**Source data**

'''

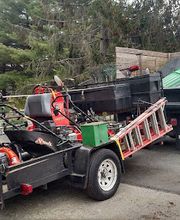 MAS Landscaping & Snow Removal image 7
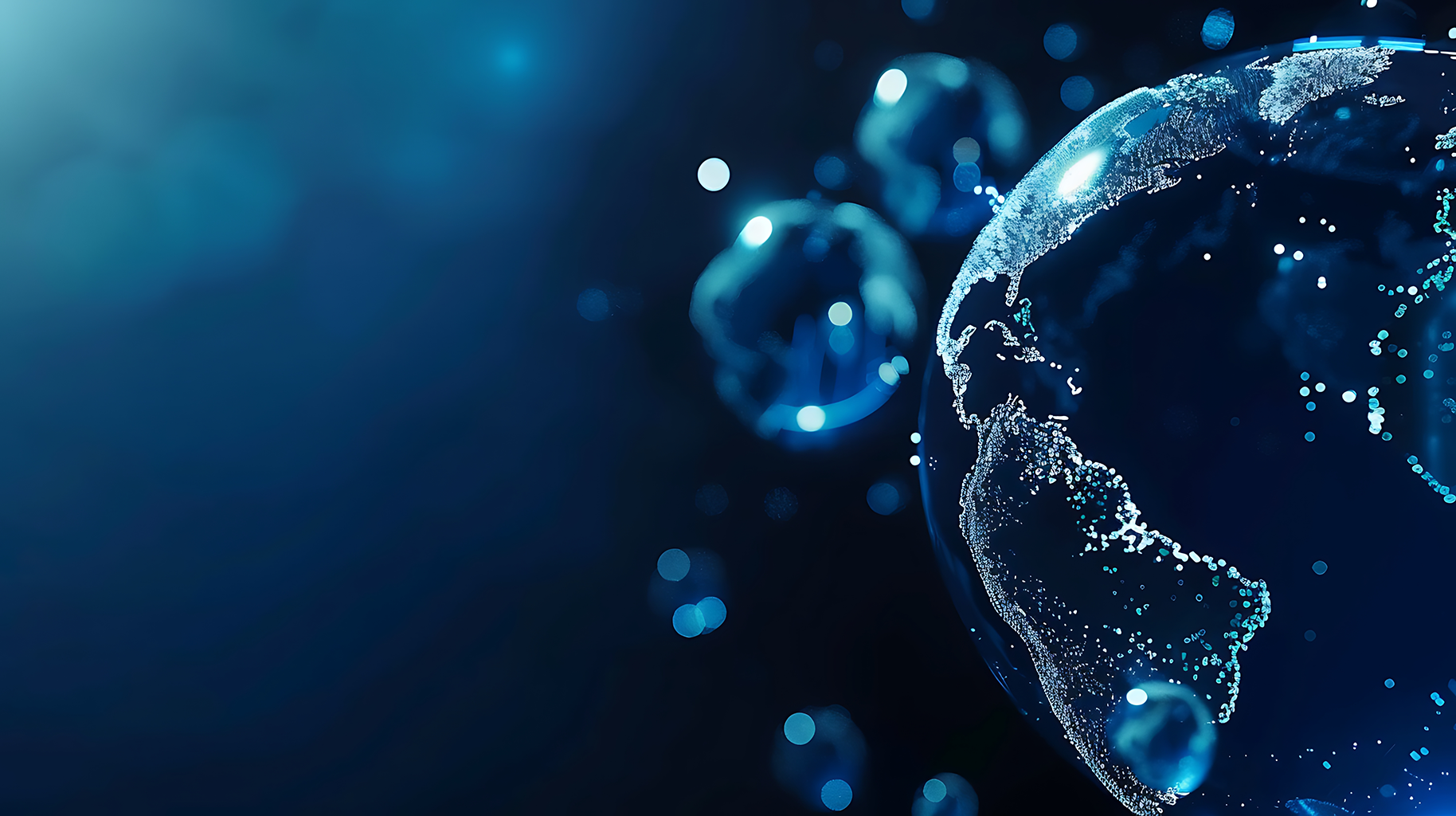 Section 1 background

'''
'''

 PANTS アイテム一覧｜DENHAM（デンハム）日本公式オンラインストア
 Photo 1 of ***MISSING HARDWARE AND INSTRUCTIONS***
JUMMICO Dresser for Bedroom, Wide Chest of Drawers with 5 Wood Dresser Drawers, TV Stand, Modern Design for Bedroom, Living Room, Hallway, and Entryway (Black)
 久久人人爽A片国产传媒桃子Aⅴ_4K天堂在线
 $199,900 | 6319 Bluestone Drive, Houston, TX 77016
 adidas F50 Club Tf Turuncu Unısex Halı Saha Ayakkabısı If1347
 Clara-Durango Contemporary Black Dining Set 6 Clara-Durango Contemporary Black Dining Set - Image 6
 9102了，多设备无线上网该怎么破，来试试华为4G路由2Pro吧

'''
'''

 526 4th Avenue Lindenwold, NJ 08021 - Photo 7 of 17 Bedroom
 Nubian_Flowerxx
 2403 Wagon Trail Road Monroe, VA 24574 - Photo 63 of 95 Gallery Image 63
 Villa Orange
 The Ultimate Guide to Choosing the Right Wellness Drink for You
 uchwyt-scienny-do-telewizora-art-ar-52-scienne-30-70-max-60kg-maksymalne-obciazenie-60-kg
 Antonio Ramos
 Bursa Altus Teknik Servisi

'''

**Description of the task**
The reply should hold only the lines of the listing above starting at the line containing "Clara-Durango Contemporary Black Dining Set 6" and ending at the line containing "9102了，多设备无线上网该怎么破，来试试华为4G路由2Pro吧", exactly as written.

**Answer to the problem**
 Clara-Durango Contemporary Black Dining Set 6 Clara-Durango Contemporary Black Dining Set - Image 6
 9102了，多设备无线上网该怎么破，来试试华为4G路由2Pro吧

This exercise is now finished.